Rozważania architektoniczne odłożyłem na bok, gdy tylko dotarłem do ściany, przywodzącej na myśl ekspozycję na dziale z telewizorami w iście wielkopowierzchniowym sklepie elektronicznym. Na monitorach widniały informacje o kilkudziesięciu nadchodzących lotach wraz z szacowanym czasem dotarcia do przypisanej każdemu z nich bramki. Komunikat ostrzegający, że owe wyliczenia nie uwzględniają kontroli paszportowej powinien natychmiast dać mi do myślenia. Kiedy zobaczyłem wiercących się w wąskim korytarzu niespokojnych pasażerów, zrzuciłem to jednak na karb porannej kumulacji lotów przychodzących i podjąłem decyzję, by ograniczoną poranną toaletę odhaczyć jeszcze przed przedostaniem się do terminala właściwego w nadziei, że ludzki zator zostanie w międzyczasie choć częściowo rozładowany.
Naprawdę się nie spieszyłem, przekonany, że dziarscy celnicy raz dwa uporają się z napierającą falą podróżnych, a ja – niczym król – wyjdę sobie niespiesznym krokiem z łazienki i wymytymi ząbkami uśmiechnę się do osoby oczekującej na mnie przy pierwszym, wolnym okienku. Tyle mrzonek i teorii, błyskawicznie pogrzebanych przez kolejkową rzeczywistość, z którą zderzyłem się znacznie bliżej, niż wtedy, gdy żegnałem ją kilkanaście minut temu. Ukradkiem minąłem więc nowo przyrośnięty ogon niekończącego się ludzkiego węża, udając, że przecież zaklepałem sobie zajmowane wcześniej miejsce. Przestraszony własną przebiegłością, powstrzymałem dalsze cwaniackie wybryki, przyjmując postawę pogodzonego ze swym losem kolejkowicza pokornego. Wiązało się to z zastygnięciem niemal w miejscu, w którym po chwili poczęli mijać mnie spanikowani podróżni, proszący o przepuszczenie pod pretekstem zbliżającego się kolejnego lotu. Gdy okazało się, że podawali godziny późniejsze, aniżeli mój wylot, uznałem, że całkiem niezłym pomysłem byłoby podczepienie się do tej inicjatywy. Jaka szkoda, że w pewnym momencie dołączyła do niej większość oczekujących.
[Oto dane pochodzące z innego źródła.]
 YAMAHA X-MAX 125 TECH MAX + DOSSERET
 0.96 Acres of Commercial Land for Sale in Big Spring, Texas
Doprawdy, przez całe swoje dotychczasowe życie nie wykazałem swą postawą takich skłonności do walki o pierwszeństwo w stadzie, do których ujawnienia zmusiła mnie sytuacja na paryskim lotnisku. Łokieć w łokieć zyskiwałem kolejne metry aż w końcu dotarłem do wąskiego gardła, które jak na złość, odmówiło przełknięcia utoczonej z turystów masy.
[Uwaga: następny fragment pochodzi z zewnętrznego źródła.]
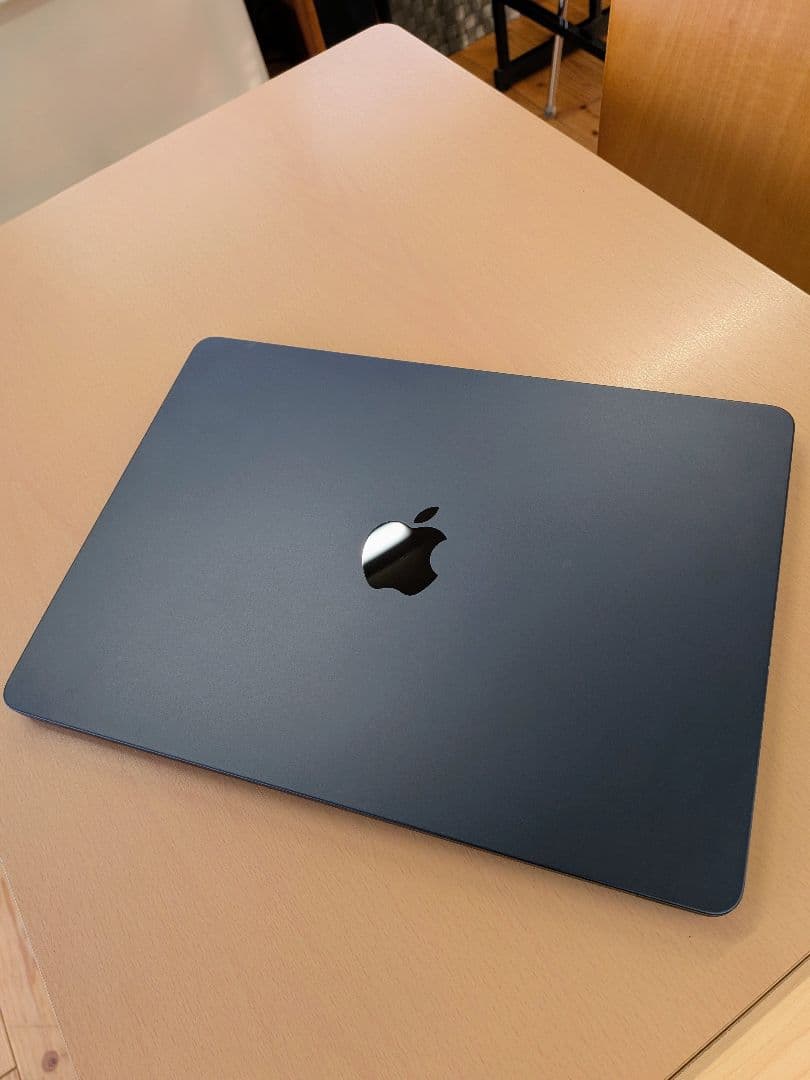 MacBookAir M2 13インチ 8GB 256GBミッ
Zatrzymajmy się tu na chwilę, by mocą wyobraźniowej stopklatki przeanalizować całe to zajście. Oto znalazłem się na reprezentacyjnym lotnisku stolicy największego i drugiego pod względem liczby ludności państwa Unii Europejskiej. Spośród kilkunastu lub nawet kilkudziesięciu stanowisk kontroli paszportowej, czynnych było tylko kilka, do których obywatele całego świata tłoczyli się w szale nakręcanym nieubłaganie ulatującym czasem i wizją ulatujących bez nich samolotów. Dwie z zaledwie pięciu bramek umożliwiających bezobsługową odprawę paszportów unijnych z niewiadomych przyczyn wyłączono zaś z użytkowania. Pozostałe trzy to dość kiepski wynik, którym nie chwaliłbym się w statystykach paryskiego lotniska.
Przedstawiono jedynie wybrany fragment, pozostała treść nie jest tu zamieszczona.